Bridging the Rural-Urban Divide in Developing Countries: SBI Youth for India Model
Sebastian Valiaparampil Joseph and Rakesh Gupta
Indian Institute of Management Indore, India
Kajari Mukherjee
Xavier Institute of Management & Entrepreneurship, India
Volume 13: 2018, pp. 381-402; ABSTRACT
Several volunteer projects have been designed and put to use in developing countries in an attempt to narrow the rural-urban divide. In most, people from developed economies worked in developing countries on projects typically designed to improve health and educational facilities. While these initiatives received some degree of success in homogeneous countries for example, in Africa and Latin America, they were of limited use in a heterogeneous country like India with its multiple cultures and multiple languages. It became clear that it would be better for India to use its own citizens for volunteer work in rural communities.
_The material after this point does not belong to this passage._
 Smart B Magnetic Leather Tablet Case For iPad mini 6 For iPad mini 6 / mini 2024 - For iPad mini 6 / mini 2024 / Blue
India’s largest Public Sector Bank, the State Bank of India (SBI) therefore initiated a rural fellowship program called SBI Youth for India (YFI) in 2010 to encourage the educated young to contribute to bridging the rural-urban divide. As opposed to other volunteer models, YFI had the potential to be readily replicated as it was resource-thin yet impact-heavy. This case study describes the conceptualisation and implementation of YFI and the challenges it faced in its initial years. The challenge for students is how to scale up the program more widely in India and for other developing countries to take note and replicate.